Dopo oltre cinque anni di impegno quotidiano in progetti di cooperazione non so ancora perché faccio tutto questo, molte volte penso di farlo per sopravvivere alle miserie di un mondo che soffoca se stesso con ingordigia e avidità, che strangola gli ultimi senza offrire loro nemmeno un po' di cibo per cani o gatti. Correvo velocemente, allucinato dalla paura, correvo per sopravvivere, correvo per me, pensando a mia moglie a mia figlia, correvo sfiorato dalle pallottole, correvo come un felino per sfuggire alla morte. Mi gettai nell'acqua di un torrente, nascondendomi in un anfratto, inondato di acqua gelida che non assomigliava per nulla al liquido tiepido che ci circonda prima di nascere, anche se la posizione era la stessa. Vennero a cercarmi, li sentivo vicini, chiusi gli occhi più volte per non vedere la pallottola che avrebbe messo fine alle mie speranze di sopravvivenza. Perché l'ho fatto, perché far soffrire mia moglie, i miei cari, perché compromettere il futuro di mia figlia con questo prematuro lutto, perché la morte così vicina? Forse avevamo osato troppo.
Potevano fermarci a Gornji Vakuf quei soldati dell'UNPROFOR, perché non l'hanno fatto?
Potevano fermarci a Spalato le autorità di ZavidoviÊi, perché non l'hanno fatto?
Potevano derubarci di tutto quei miserabili banditi, capitanati da un berretto verde che si faceva chiamare " Paraga", senza ucciderci, perché non l'hanno fatto?

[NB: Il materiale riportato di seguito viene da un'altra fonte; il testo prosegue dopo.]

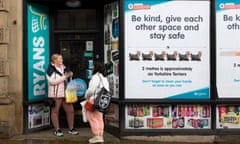 October 2020: college students Olivia Bartlett and Sianne Clabin shelter from the rain outside a newsagents in Huddersfield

Da oltre cinque anni, dopo l'elaborazione individuale e collettiva del lutto, stiamo cercando di dare risposta ai vari perché che circondano tutta la tragedia. Di Paraga conosciamo tutto, conosciamo il suo vero nome: Hanefija Prijic. Sappiamo che pur essendo un musulmano che combatteva i croati si faceva chiamare "Paraga" per uno strano meccanismo di ammirazione-rispetto nei confronti del suo "nemico" Dobroslav Paraga.
Sappiamo che esercita la professione di consigliere comunale a Gornji Vakuf, abbiamo cercato giustizia, non vendetta, in ogni sede italiana, internazionale, bosniaca, ma ancora non abbiamo ottenuto nulla, nessuna speranza per una conclusione rapida, per capire, nei luoghi adatti, che cosa sia effettivamente accaduto.
Dopo l'eccidio in Bosnia abbiamo ricevuto molta solidarietà che ci ha permesso di realizzare importanti progetti che sono ancora in corso, come quello dell'Ambasciata della Democrazia Locale a ZavidoviÊi. Abbiamo accolto a Brescia e in altre Regioni quelle donne vedove dopo un mio viaggio-ritorno nel Febbraio del 1994, insieme con una delegazione di Parlamentari con l'aiuto dell'unità di crisi della Farnesina e la cooperazione italiana a Spalato, che ci ha permesso di riallacciare i rapporti con quella cittadina isolata da violenti bombardamenti. In quel viaggio eravamo di nuovo soli sulla strada dei Diamanti ed io riconobbi un membro della banda di Paraga, di nuovo paura, volevo però continuare quella missione per loro Guido, Sergio e Fabio, volevo portarli a ZavidoviÊi da quelle donne e dai loro bambini.
In sede di Consiglio d'Europa abbiamo dedicato l'approvazione del progetto Ambasciata a loro, a ZavidoviÊi tre vie portano il loro nome, a Brescia in un parco i loro nomi sono scritti su una stele.
Oggi io ho due figli e quando ritorno in Bosnia mi porto dentro il fremito di quell'esperienza, il laboratorio di diplomazia popolare continua con gli amici di allora e con nuovi, sono stati scritti anche dei libri che narrano di quest'esperienza, entrambi molto belli e ragionati, di tutto si è fatto per non rendere vane quelle assurde morti, di tutto si farà per rendere loro giustizia."